START INFORMATION SUPPLIED

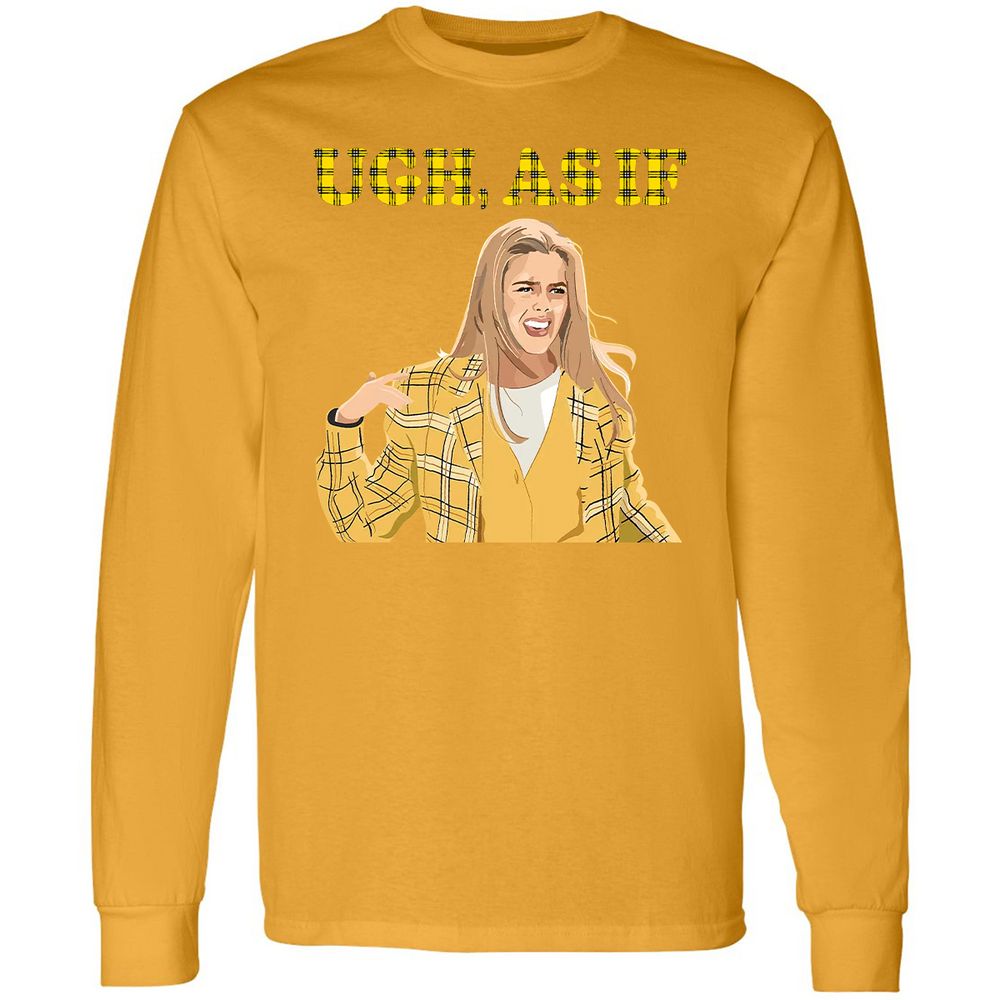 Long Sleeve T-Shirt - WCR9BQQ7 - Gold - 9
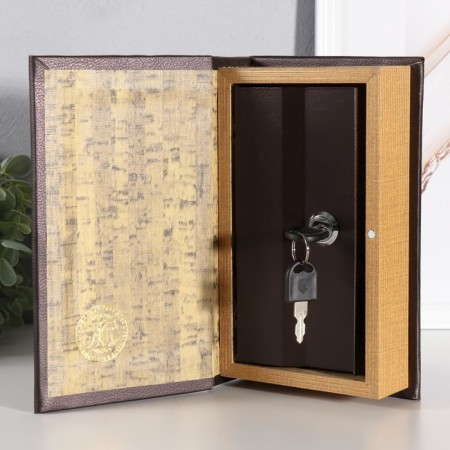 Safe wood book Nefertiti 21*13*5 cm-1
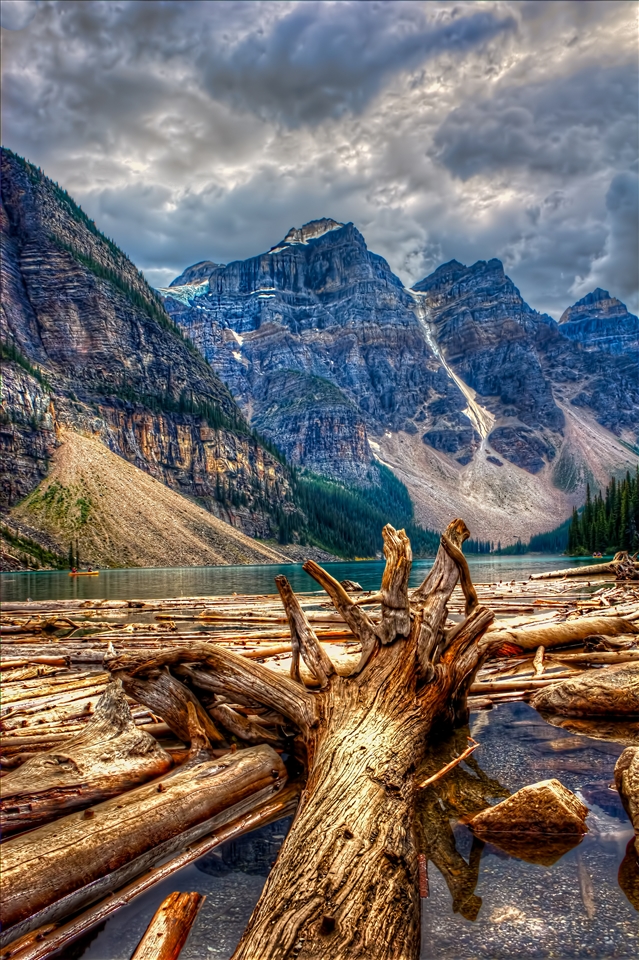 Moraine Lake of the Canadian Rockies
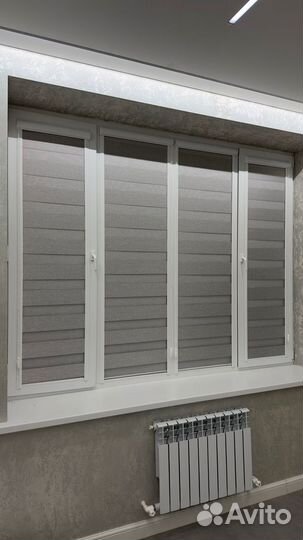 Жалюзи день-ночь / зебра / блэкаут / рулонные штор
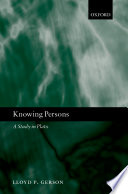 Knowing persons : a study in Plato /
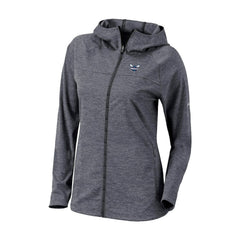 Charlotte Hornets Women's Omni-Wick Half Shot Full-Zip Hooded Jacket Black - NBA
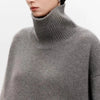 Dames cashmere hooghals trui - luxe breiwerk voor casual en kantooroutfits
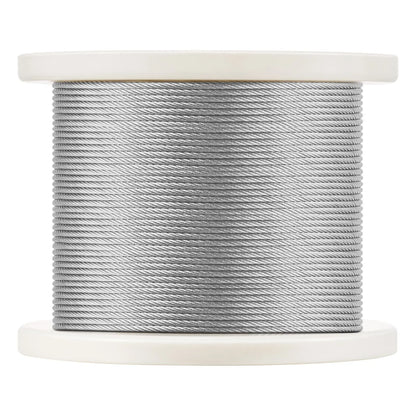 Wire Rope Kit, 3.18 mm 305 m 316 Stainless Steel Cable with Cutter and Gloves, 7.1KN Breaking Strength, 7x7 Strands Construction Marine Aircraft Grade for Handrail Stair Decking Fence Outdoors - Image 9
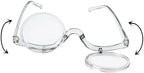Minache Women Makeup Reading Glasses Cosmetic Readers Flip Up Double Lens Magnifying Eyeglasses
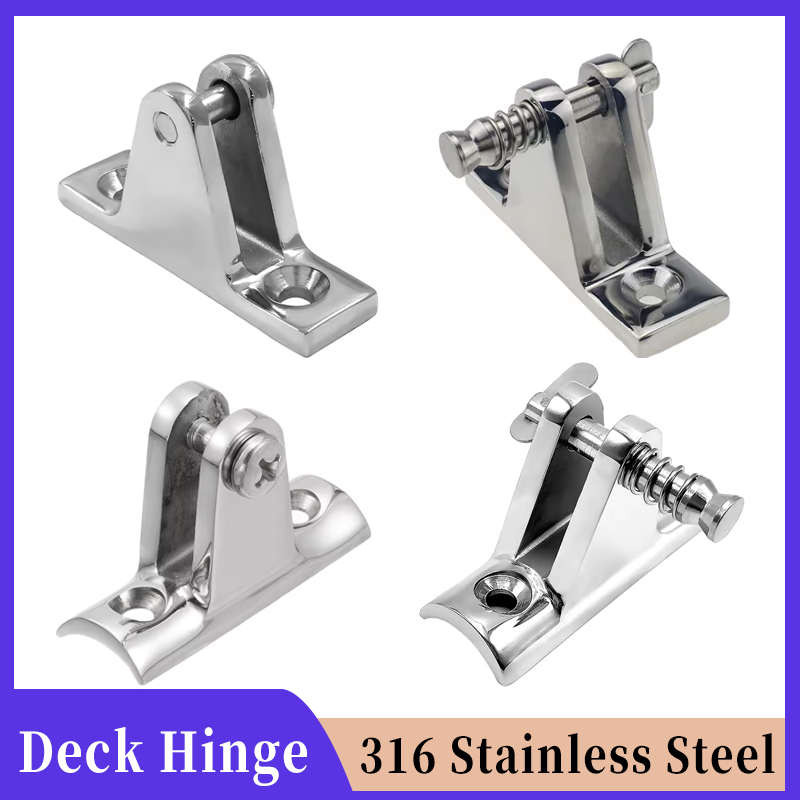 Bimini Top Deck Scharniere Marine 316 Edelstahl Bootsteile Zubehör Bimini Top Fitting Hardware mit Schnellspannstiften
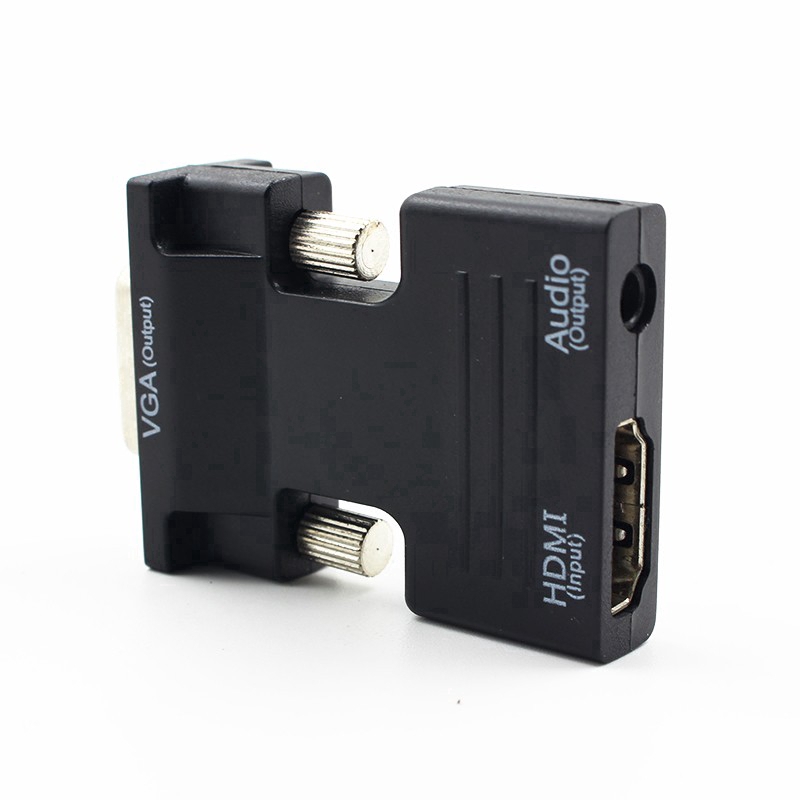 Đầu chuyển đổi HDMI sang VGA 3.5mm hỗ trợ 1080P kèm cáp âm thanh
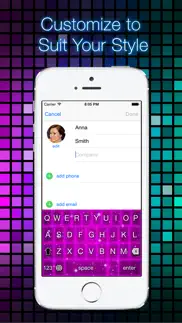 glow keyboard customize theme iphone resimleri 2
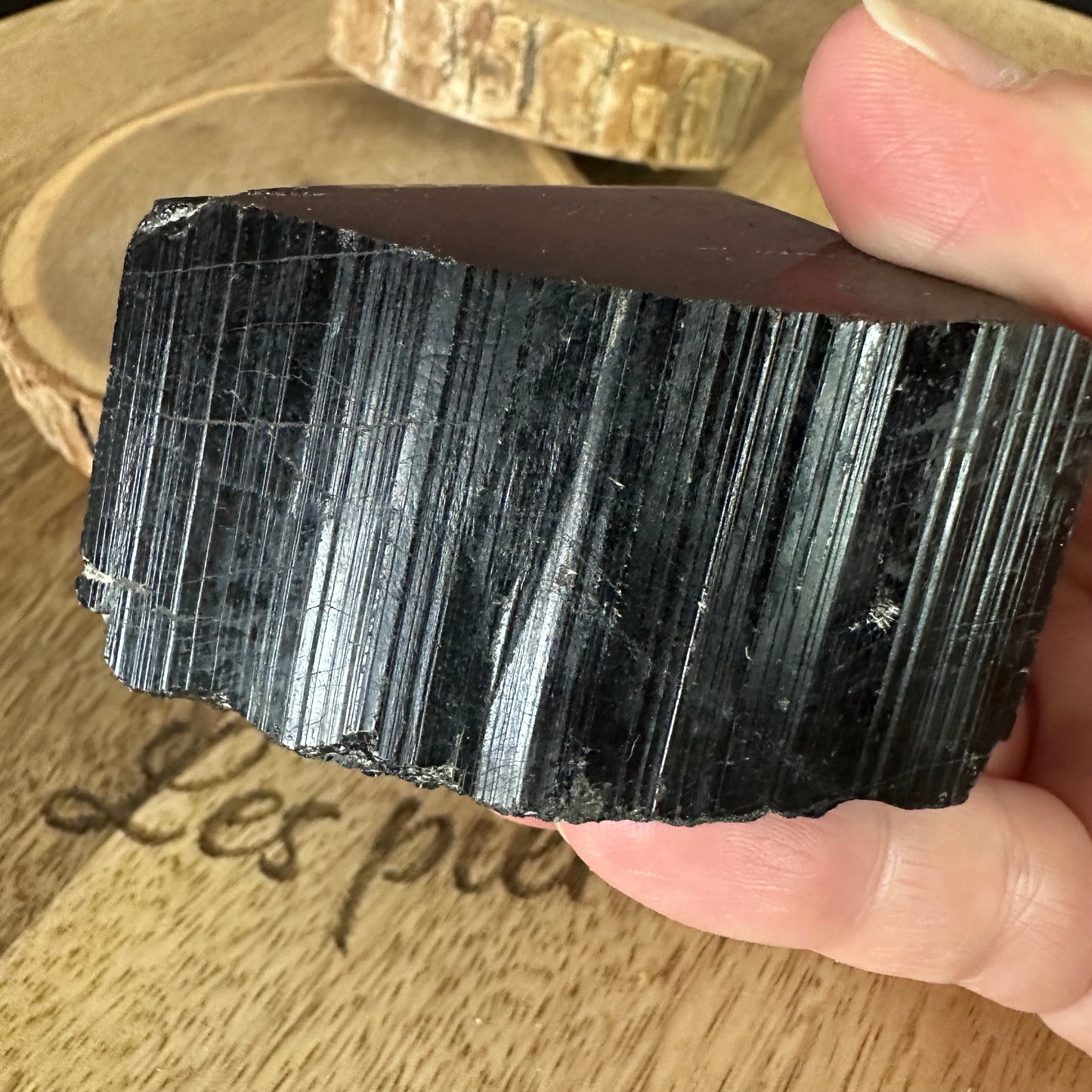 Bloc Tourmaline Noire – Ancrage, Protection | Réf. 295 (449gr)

END INFORMATION SUPPLIED

● AIM OF THE TASK:
Could you transcribe exactly the lines running from the one with "Dames cashmere hooghals" to the final line of the material above, both included, with no pictures?

● SOLUTION:
 Dames cashmere hooghals trui - luxe breiwerk voor casual en kantooroutfits
 Wire Rope Kit, 3.18 mm 305 m 316 Stainless Steel Cable with Cutter and Gloves, 7.1KN Breaking Strength, 7x7 Strands Construction Marine Aircraft Grade for Handrail Stair Decking Fence Outdoors - Image 9
Minache Women Makeup Reading Glasses Cosmetic Readers Flip Up Double Lens Magnifying Eyeglasses
 Bimini Top Deck Scharniere Marine 316 Edelstahl Bootsteile Zubehör Bimini Top Fitting Hardware mit Schnellspannstiften
 Đầu chuyển đổi HDMI sang VGA 3.5mm hỗ trợ 1080P kèm cáp âm thanh
 glow keyboard customize theme iphone resimleri 2
 Bloc Tourmaline Noire – Ancrage, Protection | Réf. 295 (449gr)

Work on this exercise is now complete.